In light of these findings, we tested the generality of the facilitatory role of progesterone across other species such as rats and mice. Whereas previous studies highlighted the inhibitory role of a supraphysiological dose of progesterone (e.g., Erickson et al. 1967; Erpino 1973; Morin 1977), we found that physiological doses of progesterone can facilitate the expression of mounting behavior in male rats (Witt et al. 1995). Moreover, work on progesterone receptor knockout mice indicates that progesterone stimulation is important not only in the display of mounting behavior while intact but also in experience-dependent plasticity (Phelps et al. 1998). The latter finding is interesting because preliminary studies have found differences in experience-dependent plasticity between progesterone-sensitive and -insensitive male C. inornatus (J. T. Sakata and D. Crews, unpublished data). Thus studies originally performed on a parthenogenetic species eventually led to a re-evaluation and new understanding of the role of progesterone in the display of copulatory behavior in male vertebrates.

Although both testosterone and progesterone can facilitate the display of male sexual behavior in a number of species, their relative potencies have not been compared. Whiptail lizards are a useful model in which to study the effects of testosterone and progesterone because both hormones elicit the full repertoire of courtship behavior in both C. inornatus males and C. uniparens individuals. We recently assessed differences in the capacity of exogenous testosterone and progesterone to induce male-typical courtship behavior in gonadectomized whiptail lizards (Sakata et al. 2003). In both species, individuals implanted with testosterone showed more frequent courtship behavior than those implanted with progesterone or cholesterol.

We also examined whether testosterone and progesterone differentially affected the retention of courtship behavior after implant removal. We administered behavior tests to the animals after they had received hormone implants and until all individuals were displaying similar levels of behavior. We then removed the implants and administered additional behavior tests: 10 to C. inornatus, or 20 to C. uniparens. In both species, individuals previously implanted with testosterone retained the expression of courtship behavior longer after implant removal than those previously given progesterone. Therefore the hormone that was more effective at activating courtship behavior was also more effective at maintaining courtship behavior after implant removal. Although both hormones have the capacity to elicit identical sexual behaviors in both species, testosterone has a greater and more lasting effect on courtship behavior and possibly on the neural circuits underlying courtship behavior.
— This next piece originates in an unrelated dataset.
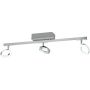 Eglo CARDILLIO 1 96181 Bodové svetlo 5x3,2W/LED 1200LM+720LM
Neural Correlates of Evolutionary Changes in Behavior

Studies of sexual behavior in mammals have traditionally focused on nuclei within the preoptic area and hypothalamus. We know that across species, the medial preoptic area is critical to the regulation of male sexual behavior, and the ventromedial hypothalamus (VMH¹) is involved in the display of female receptive behaviors. Studies on whiptail lizards have indicated that these brain areas are also involved in the regulation of sexual behavior in C. inornatus and C. uniparens. Intracranial administration of androgens into the anterior hypothalamus-medial preoptic area (AH/POA¹) of male C. inornatus and C. uniparens induces the display of male-like copulatory behaviors in gonadectomized animals (Mayo and Crews 1987; Rozendaal and Crews 1989), and lesions of these nuclei impair the display of male-like copulatory behaviors in gonadally intact individuals (Kingston and Crews 1994). Similarly, implantation of estradiol into the VMH increases the display of receptive behaviors in C. uniparens individuals and C. inornatus females (Wade and Crews 1991b), and lesions of the VMH abolish the display of receptive behaviors (Kendrick et al. 1995).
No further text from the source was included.